[YOUR OBJECTIVE]
Copy the closing run of lines, from the one with "Dentalelle Tutoring @" through the last line of the listing, exactly and without any pictures.

[PROVIDED RECORDS]

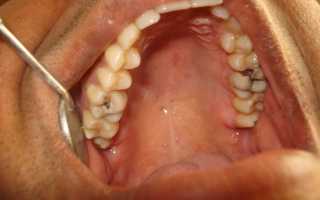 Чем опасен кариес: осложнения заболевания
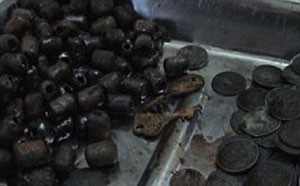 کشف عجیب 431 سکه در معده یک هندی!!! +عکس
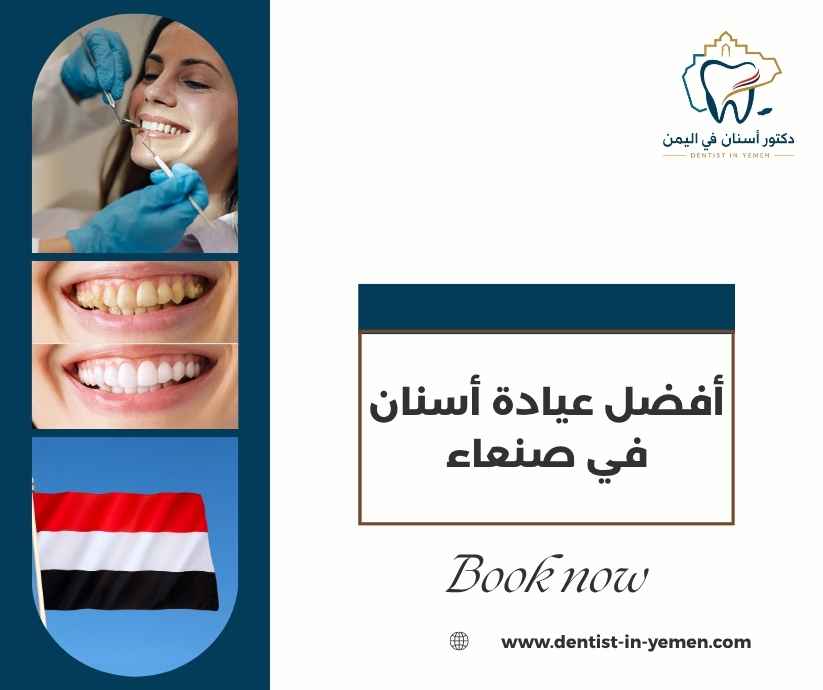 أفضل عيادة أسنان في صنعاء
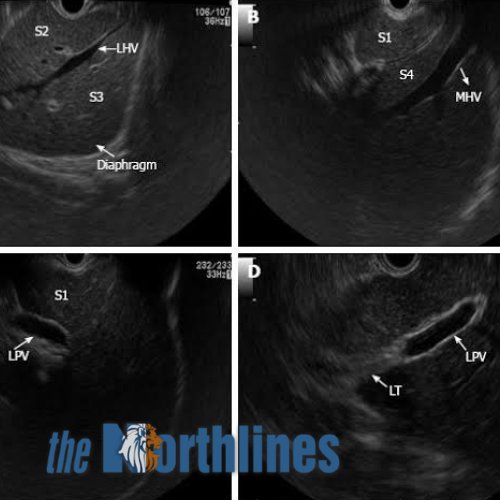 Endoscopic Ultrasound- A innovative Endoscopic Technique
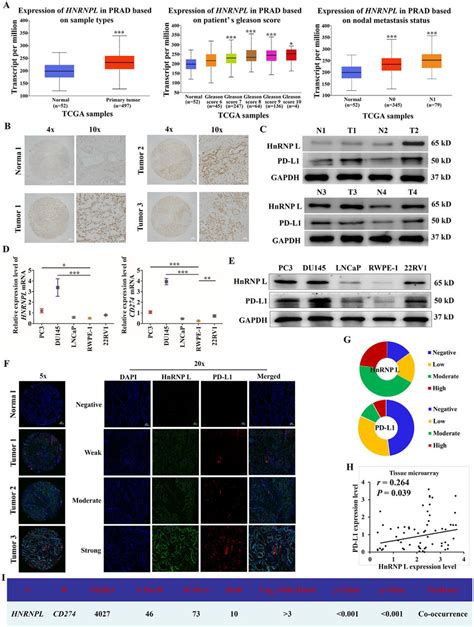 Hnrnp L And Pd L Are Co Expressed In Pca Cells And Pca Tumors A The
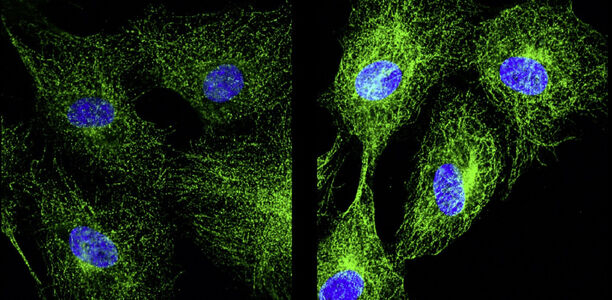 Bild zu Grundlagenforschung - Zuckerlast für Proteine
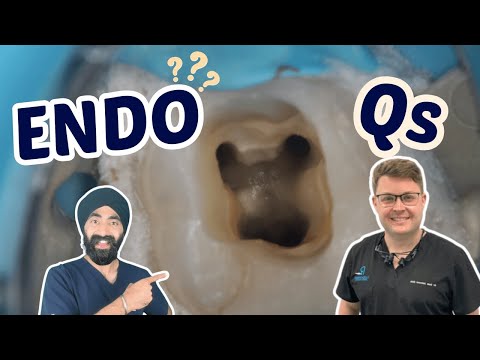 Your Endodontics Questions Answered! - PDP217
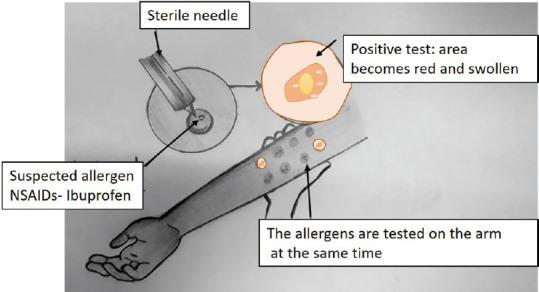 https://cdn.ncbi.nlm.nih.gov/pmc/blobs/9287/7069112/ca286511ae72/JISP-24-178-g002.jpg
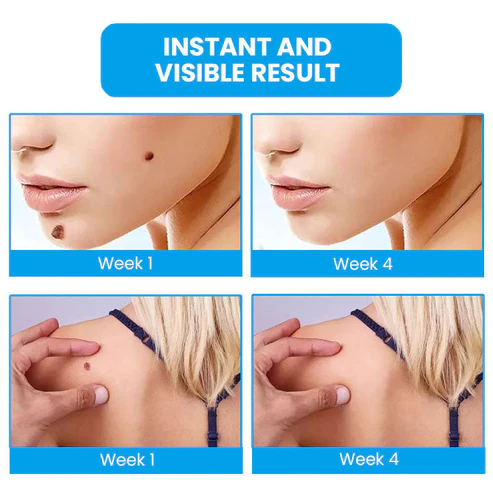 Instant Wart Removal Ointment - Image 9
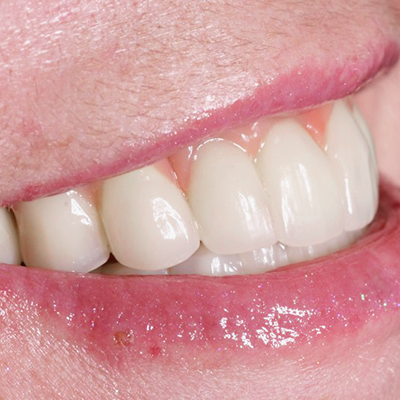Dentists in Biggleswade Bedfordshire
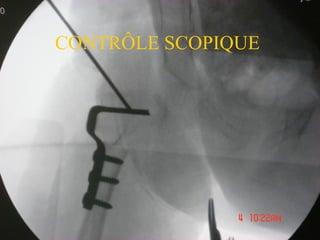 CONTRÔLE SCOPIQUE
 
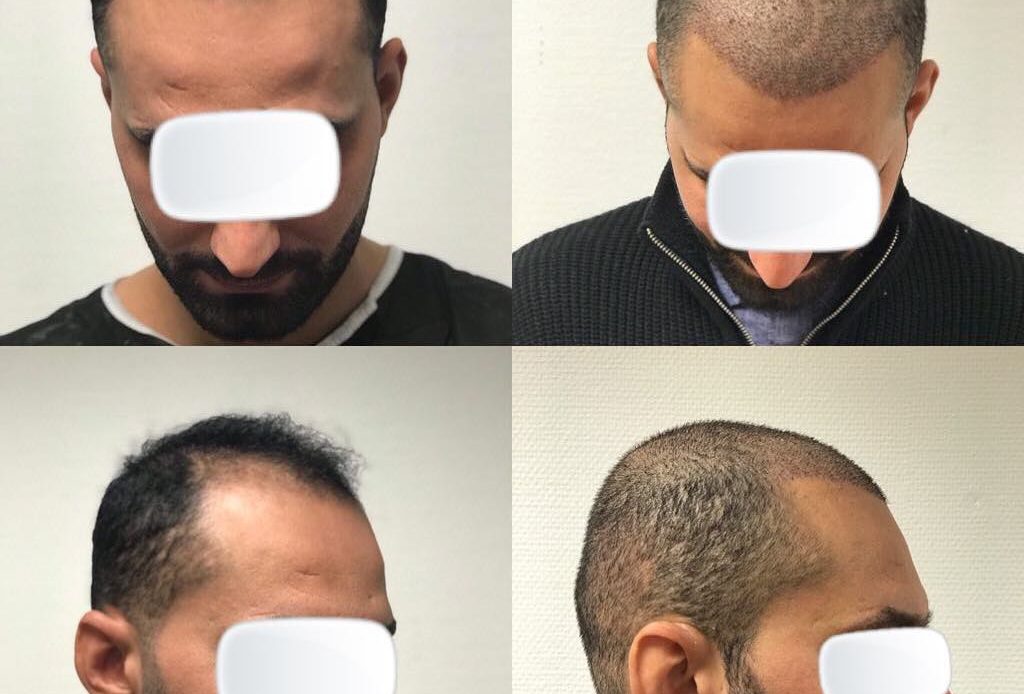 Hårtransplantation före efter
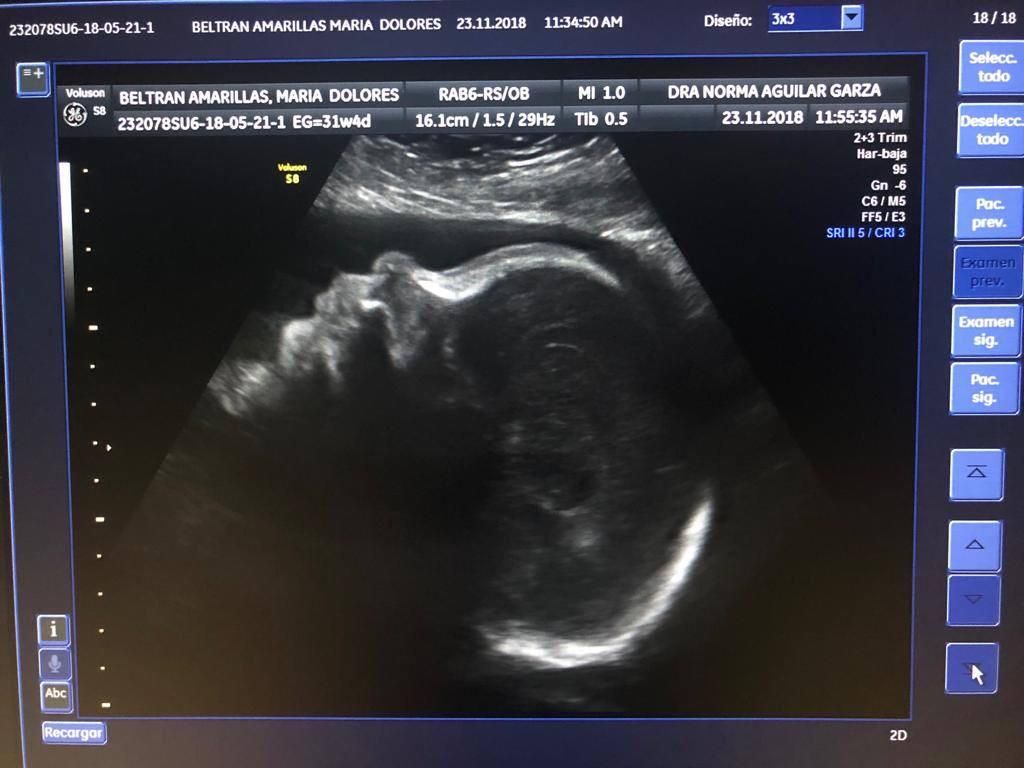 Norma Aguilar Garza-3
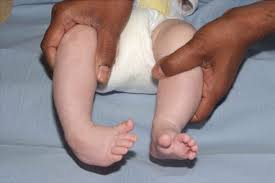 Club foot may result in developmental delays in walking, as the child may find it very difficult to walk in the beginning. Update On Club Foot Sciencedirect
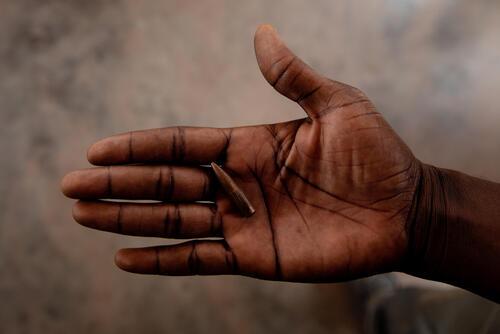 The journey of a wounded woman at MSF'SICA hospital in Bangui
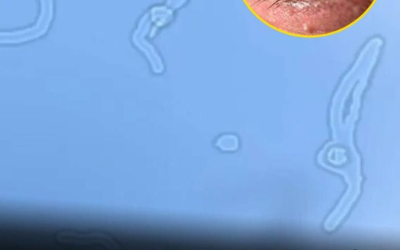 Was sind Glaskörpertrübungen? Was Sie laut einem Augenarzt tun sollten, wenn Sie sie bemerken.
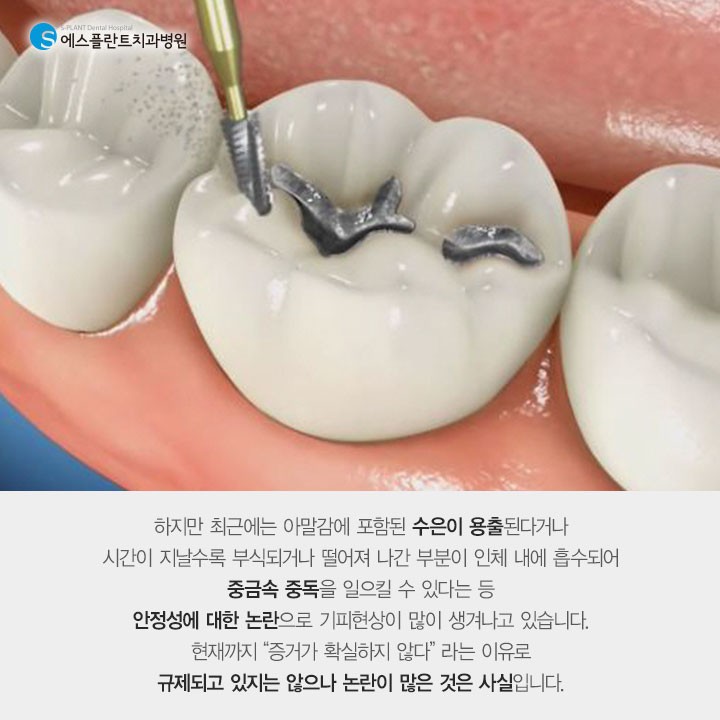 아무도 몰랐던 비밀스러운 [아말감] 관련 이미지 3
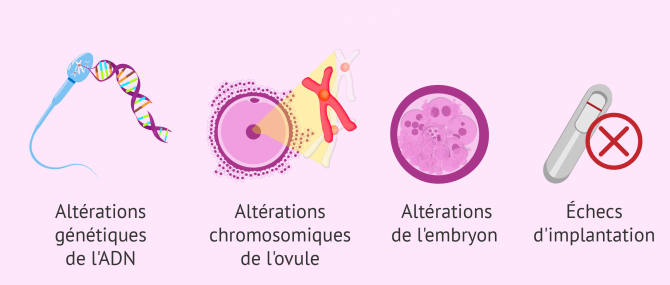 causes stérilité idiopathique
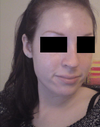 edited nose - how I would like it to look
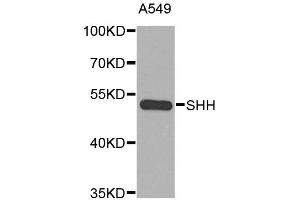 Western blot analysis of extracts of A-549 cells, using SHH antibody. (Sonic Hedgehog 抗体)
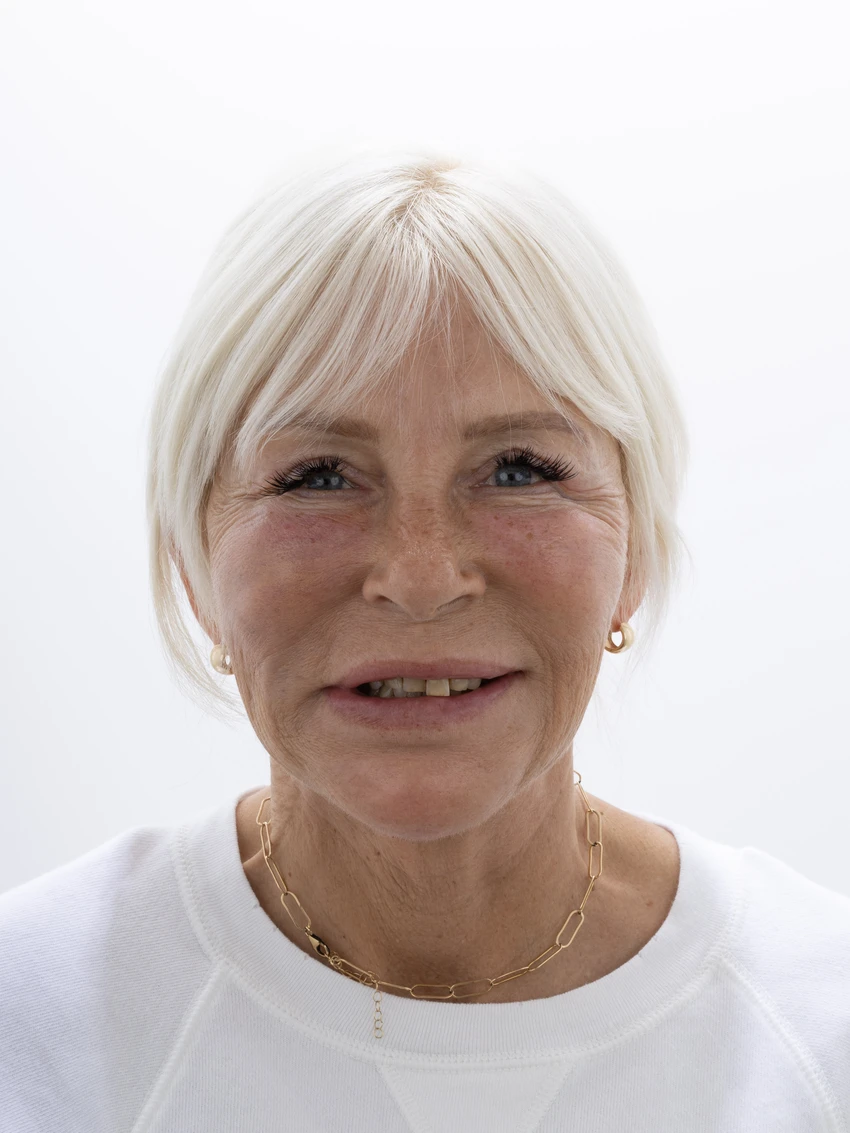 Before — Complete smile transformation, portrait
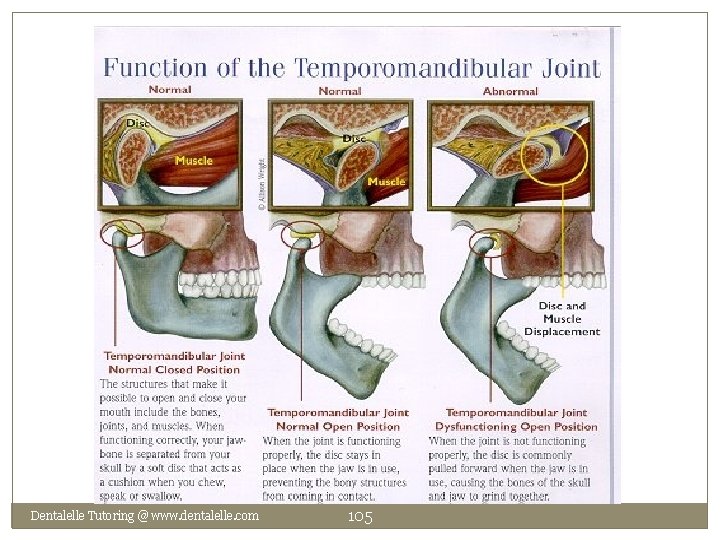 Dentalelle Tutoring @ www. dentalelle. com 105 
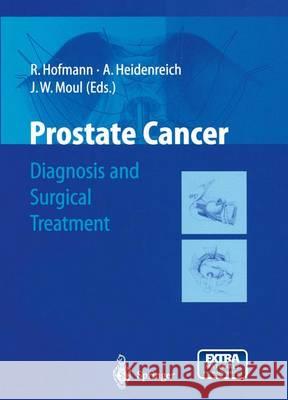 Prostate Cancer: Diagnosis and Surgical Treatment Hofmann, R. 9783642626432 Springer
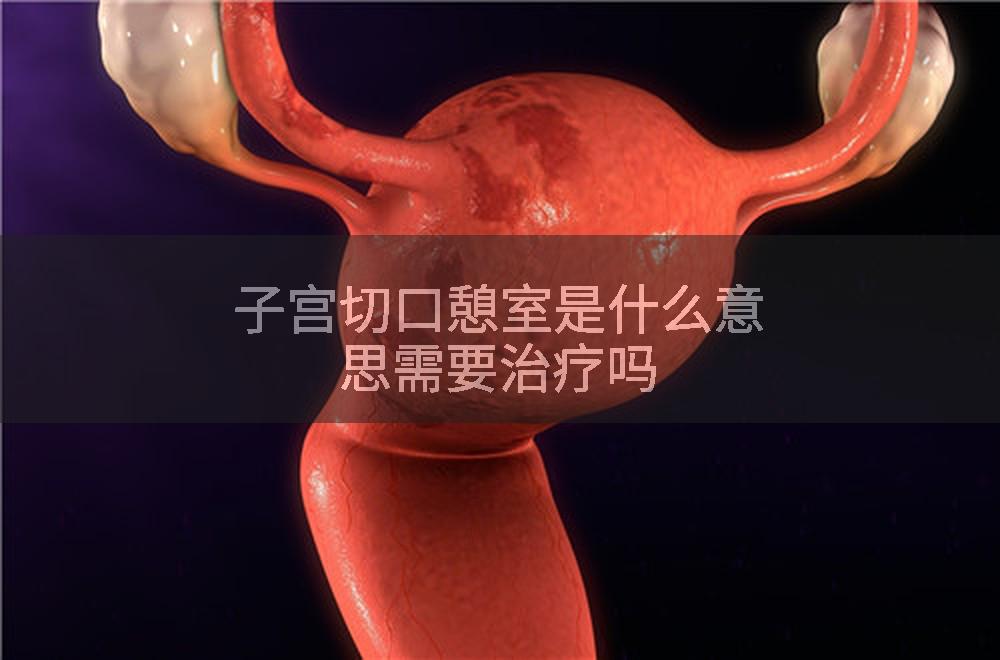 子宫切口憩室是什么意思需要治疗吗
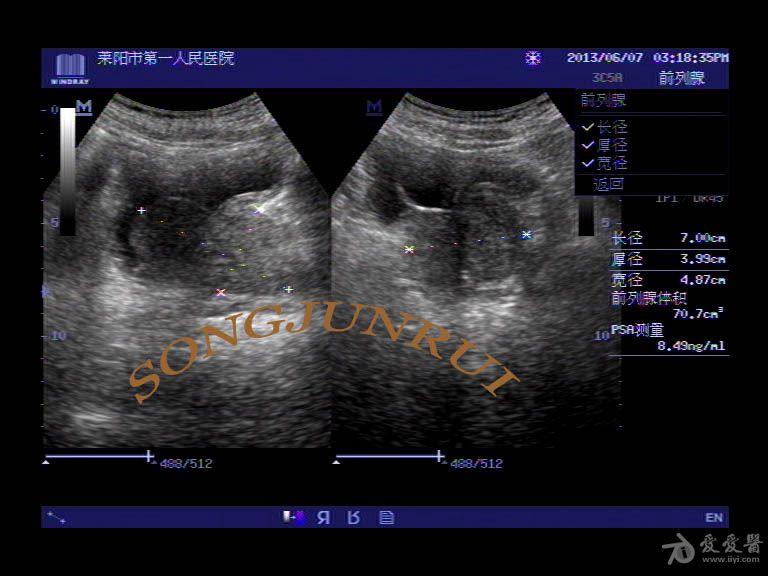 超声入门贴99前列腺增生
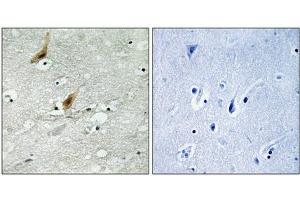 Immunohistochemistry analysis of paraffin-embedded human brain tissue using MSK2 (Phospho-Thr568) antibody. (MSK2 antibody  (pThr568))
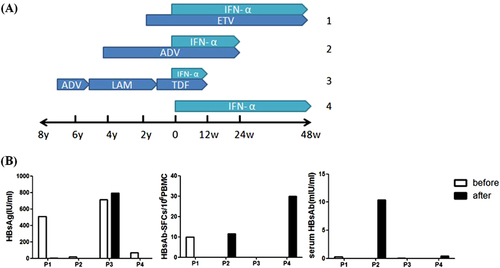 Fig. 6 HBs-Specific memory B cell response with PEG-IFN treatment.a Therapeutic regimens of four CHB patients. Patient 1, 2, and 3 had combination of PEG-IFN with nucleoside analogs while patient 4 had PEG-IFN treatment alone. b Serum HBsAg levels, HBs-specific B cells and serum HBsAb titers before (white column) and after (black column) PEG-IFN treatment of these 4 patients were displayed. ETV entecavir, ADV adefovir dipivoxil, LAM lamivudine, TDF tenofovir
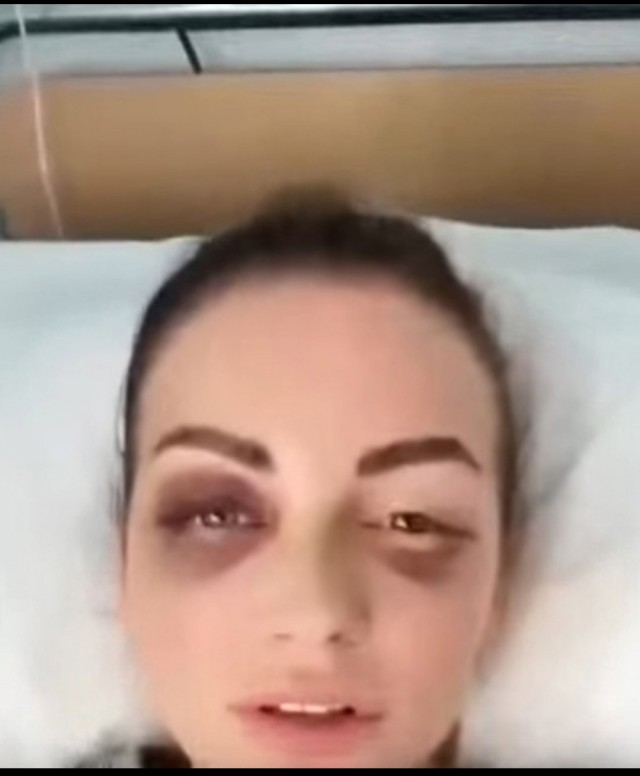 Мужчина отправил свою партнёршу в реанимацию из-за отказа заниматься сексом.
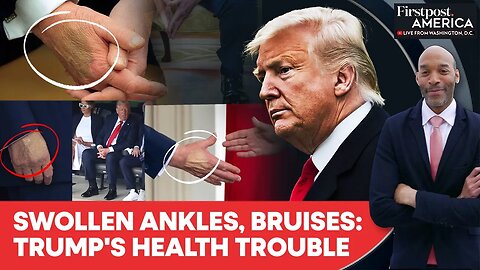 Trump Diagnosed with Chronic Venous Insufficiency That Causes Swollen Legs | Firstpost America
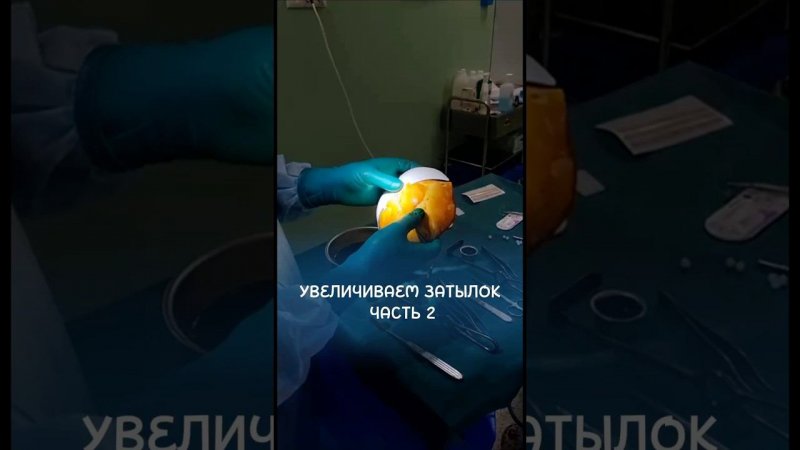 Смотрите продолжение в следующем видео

[TASK RESPONSE]
 Dentalelle Tutoring @ www. dentalelle. com 105 
 Prostate Cancer: Diagnosis and Surgical Treatment Hofmann, R. 9783642626432 Springer
 子宫切口憩室是什么意思需要治疗吗
 超声入门贴99前列腺增生
 Immunohistochemistry analysis of paraffin-embedded human brain tissue using MSK2 (Phospho-Thr568) antibody. (MSK2 antibody  (pThr568))
 Fig. 6 HBs-Specific memory B cell response with PEG-IFN treatment.a Therapeutic regimens of four CHB patients. Patient 1, 2, and 3 had combination of PEG-IFN with nucleoside analogs while patient 4 had PEG-IFN treatment alone. b Serum HBsAg levels, HBs-specific B cells and serum HBsAb titers before (white column) and after (black column) PEG-IFN treatment of these 4 patients were displayed. ETV entecavir, ADV adefovir dipivoxil, LAM lamivudine, TDF tenofovir
 Мужчина отправил свою партнёршу в реанимацию из-за отказа заниматься сексом.
 Trump Diagnosed with Chronic Venous Insufficiency That Causes Swollen Legs | Firstpost America
 Смотрите продолжение в следующем видео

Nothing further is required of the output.